Russia said it successfully docked the Nauka laboratory module with the International space platform on Thursday — though the troubled unit caused yet one more fright after accidentally firing and briefly throwing the whole station out of position.
The mission comes after quite a decade of delays and as Russia seeks to spice up its space industry, which has fallen behind since the collapse of the Soviet Union and struggles to stay up with competition from us.
A few hours after docking, Nauka’s propulsive devices unexpectedly fired, forcing personnel aboard the multinational manned orbital platform to fireside thrusters on the Russian segment of the station to counter the effect.
The module started firing “inadvertently and unexpectedly, moving the station 45 degrees out of attitude,” NASA said on Twitter. “Recovery operations have regained attitude and therefore the crew is in no danger,” it added.
In a press call, NASA’s human spaceflight program chief Kathy Lueders called the incident a “pretty exciting hour”, and praised the crew for stabilizing things.
The US space agency also revealed that the SpaceX Dragon docked to the orbital station was powered up and prepared to evacuate crew if needed.
An uncrewed test launch of a Boeing Starliner crew capsule to the ISS is going to be pushed back from Friday until a minimum of August 3 while an investigation is underway.
Earlier, the Russian space agency Roscosmos showed the new addition to its segment of the ISS docking with the nadir (Earth-facing) port of the Zvezda service module at 1329 GMT.
“There is contact!!!” Roscosmos chief Dmitry Rogozin tweeted as Russia completed the primary docking of an ISS module in 11 years.
It will now take several months and multiple spacewalks to completely integrate the module with the space platform.
– Decades within the making –
The Nauka module blasted off last week from the Baikonur cosmodrome in Kazakhstan, carried by a Russian Proton rocket.
Nauka — which suggests “science” in Russian — is going to be primarily used for research and storing laboratory equipment.
It will also provide more space for storing, new water and oxygen regeneration systems, and improved living conditions for cosmonauts of the Russian ISS sector.

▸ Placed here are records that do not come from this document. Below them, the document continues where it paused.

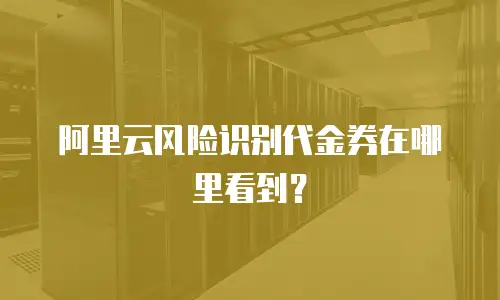 阿里云风险识别代金券在哪里看到？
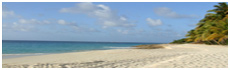 Turtle Cove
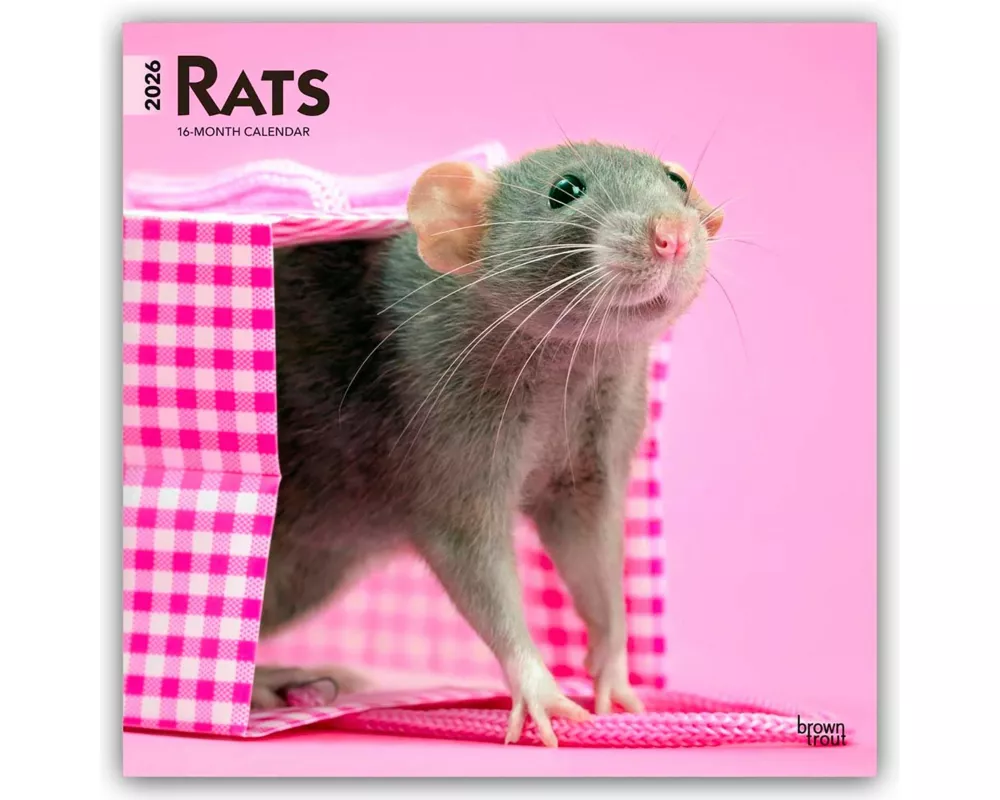 Rats 2026 12 X 24 Inch (Hanging) Monthly Square Wall Calendar Plastic-Free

The Nauka multipurpose laboratory module was conceived as early because the mid-1990s when it had been intended as a back-up for the Russian control module Zarya.
It was later repurposed as a science module but joined a line-up of stagnating Russian space projects that have fallen victim to funding problems or bureaucratic procedures.

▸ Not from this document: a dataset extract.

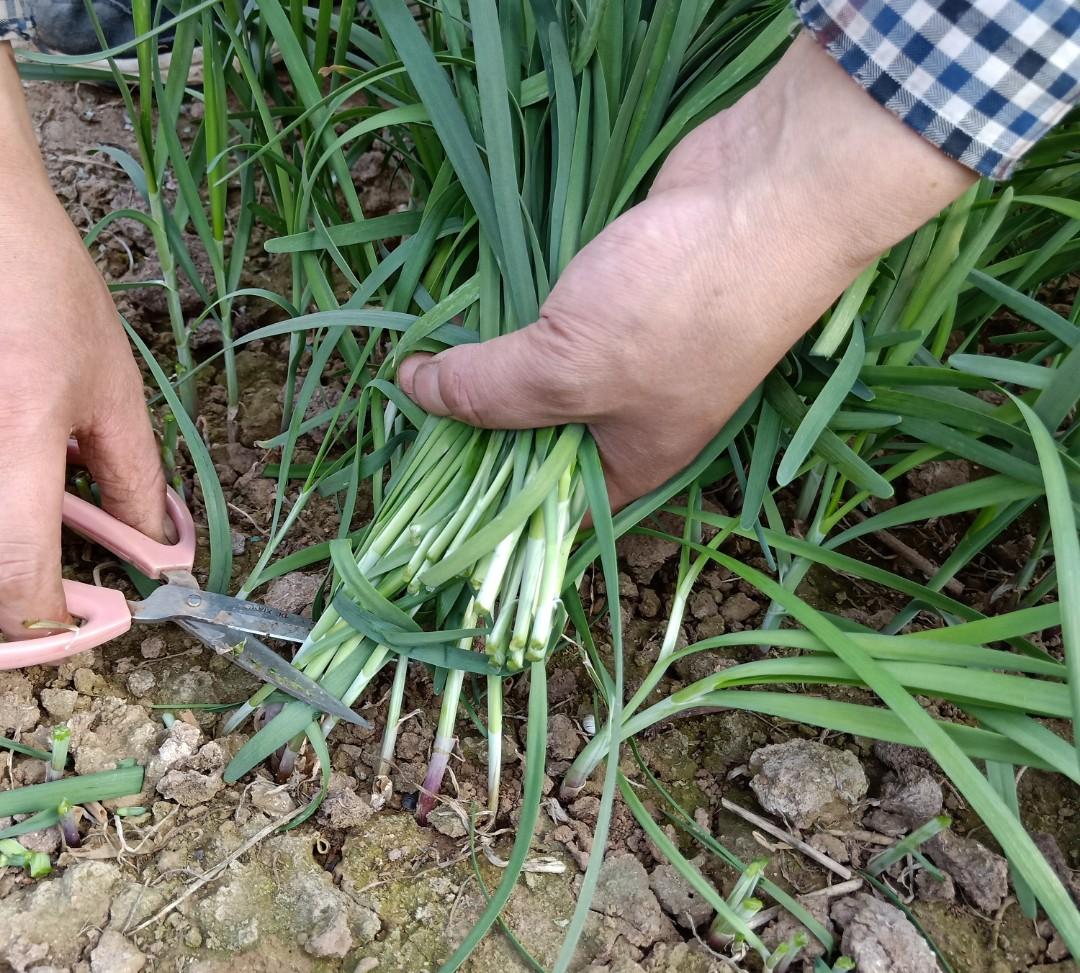 宽叶紫根韭菜种子 四季高产韭菜籽庭院阳台盆栽耐寒大叶蔬菜种子 - 图0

The launch of the 20-tonne Nauka — one among the most important modules on the ISS — was initially scheduled for 2007 but has been repeatedly delayed over various issues.
While last week’s launch was successful, Nauka experienced several “hiccups in orbit” during its eight-day journey to the ISS, the ECU Space Agency said.
“We won’t lie… We had to stress for the primary three days,” Rogozin told journalists after Nauka had docked, consistent with the RIA Novosti press agency.
– Russia’s future on ISS –
Launched in 1998 and involving Russia, us, Canada, Japan, and therefore the European Space Agency, the ISS is one among Russia’s few remaining collaborations with the West.
The ISS is split into two sections: the Russian Orbital Segment, and therefore the remainder travel by the US and other partners.
For years, NASA was reliant on Russia to ferry its astronauts to the ISS and paid many dollars for a seat on a Soyuz rocket.
But last year Russia lost its monopoly for manned flights to the ISS after the successful mission folks billionaire Elon Musk’s Space X.
In April, Russia said it had been considering withdrawing from the ISS program citing aging infrastructure and was getting to launch the primary core module of a replacement orbital station in 2025.
Russia has announced a series of projects in recent years, including a mission to Venus and a station on the Moon, but because the Kremlin diverts funding to military ventures, analysts question the feasibility of those ambitions.